Since 2006, the project – named after the Arabic command, "Look!" – has collected stories from Egyptian women about some of the country's most taboo topics, including street harassment, sexual abuse, divorce, female circumcision, and the confusion that arises in a culture that discourages male-female interaction but makes women's primary social responsibilities marriage and childbearing.

Each spring, these interviews are transformed into monologues that the group weaves together into a play.

"The play brings up a lot of issues people here usually ignore, but in an entertaining way," says Yasmine Khalifa, one of the project's directors. "People can have fun, they can have a laugh, and they don't feel attacked."

Bussy was inspired by Eve Ensler's Pulitzer Prize-winning play "The Vagina Monologues," which played only once here in 2005 before running into trouble with the school.

The actors, too, had problems with it – but for a very different reason: It didn't seem relevant to Egyptian society.

" 'The Vagina Monologues' had stories from Bosnia and all over the world, but only one story about the Middle East, which was about Lebanon," says Mariham Iskander, an energetic director at Bussy.

"We felt like our region was mostly ignored," she says. "These weren't our stories, so we decided to write them ourselves."

Armed with pens and notebooks, the Bussy Project set out to find more Egyptian voices.

Although some monologues look at issues facing poor women, like troubles in the legal system and circumcisions, the project's elite roots still show.

The majority of the play was recorded and performed in English.

One skit is about a girl getting harassing messages on Facebook.

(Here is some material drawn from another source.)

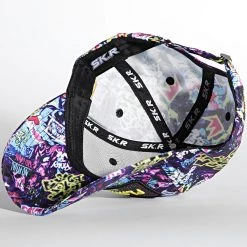 Meilleure affaire 🔔 Casquette Plata O Plomo Print Violet Bleu de Skr ✨ 8 Meilleure affaire 🔔 Casquette Plata O Plomo Print Violet Bleu de Skr ✨ -Skr Soldes classic series 276683 PLT PRINT BLU LLK BOSS 20210806T143238 03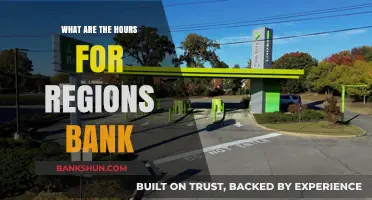 Regions Bank Hours: When Are Branches Open for Customers?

In another skit, a girl recounting stories of childhood abuse tells the audience, "it was Oprah Winfrey who encouraged me not to be silent." It is a reference unlikely to be grasped by the great mass of Egypt's rural and urban poor.

The World Bank says that almost 20 percent of Egypt's population was living on $2 a day in 2005, and 44 percent of women are illiterate, according to the government's Central Agency for Public Mobilization and Statistics.

Figures compiled by the United Nations Children's Fund show that over 90 percent of the married female population has experienced some kind of circumcision.

But the project's upper-crust origins do not make it a less powerful experience for the women involved.

Sondos Shabayek, a director, joined the Bussy Project after watching one of the show's first performances in 2006. Watching it in the audience made her feel as if she was not alone in grappling with harassment and sexism on a daily basis.

The play was a chance to talk.

"For once, I felt like maybe I could express a big part of my life," she says. "I had always thought, 'No, I can't ever let this show.' "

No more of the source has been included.